The plans presented in this appeal have been more than a little misleading. The Green Company produced a map of the battle lines at the very final phase of the battle, thereby conveniently ignoring the great trespass they intend to make on the actual battle itself. Something the inspector appears to acknowledge in his ruling. The battle had several phases prior to the final charge all of which took place outside the area defined in their map.
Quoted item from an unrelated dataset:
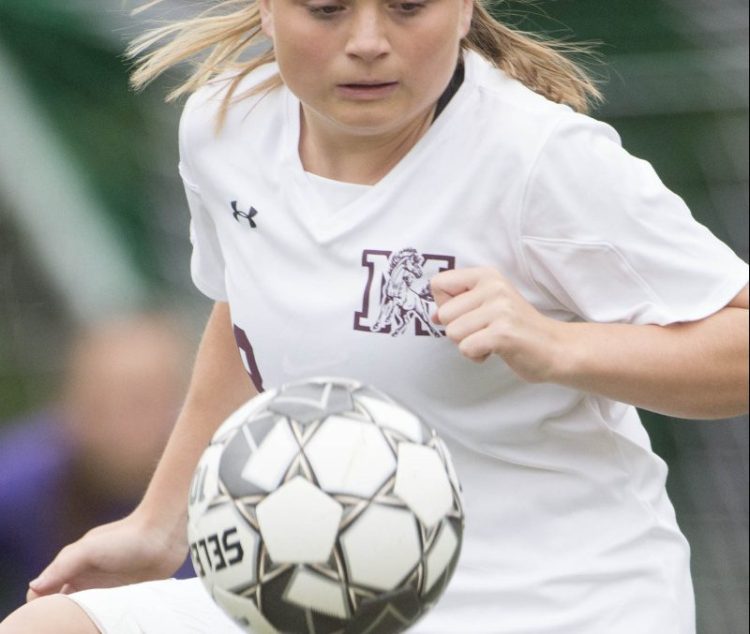 Monmouth's Alicen Burnham gains control of the ball during a game against Carrabec earlier this season in North Anson.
The problem here, as in many other sites across England, is that the registered battlefield has also been narrowly defined, and thus all the initial phases of the battle, the charge down to Wagg Rhyne, the musket skirmishes on the East bank of the Rhyne have all been ignored. This is something the Green Company have cynically taken advantage of in pushing through their plans. One has to ask why when there is plenty of other suitable land along Tengore Lane that would neither have impinged on the battlesite nor been unsuitable for a solar site, why the Green Company persisted in a determination to damage something of great historical value, a veritable heritage asset for the local community. Green they be by name, I suggest they are certainly not by nature.
The battlefield will now be permanently scarred for the next quarter of a century at least. Anyone seeking to get a clear understanding of the battle, will be unable to do so. It is tempting to ask if nothing is sacred, but there’s no point as this result clearly demonstrates the answer to be “no”.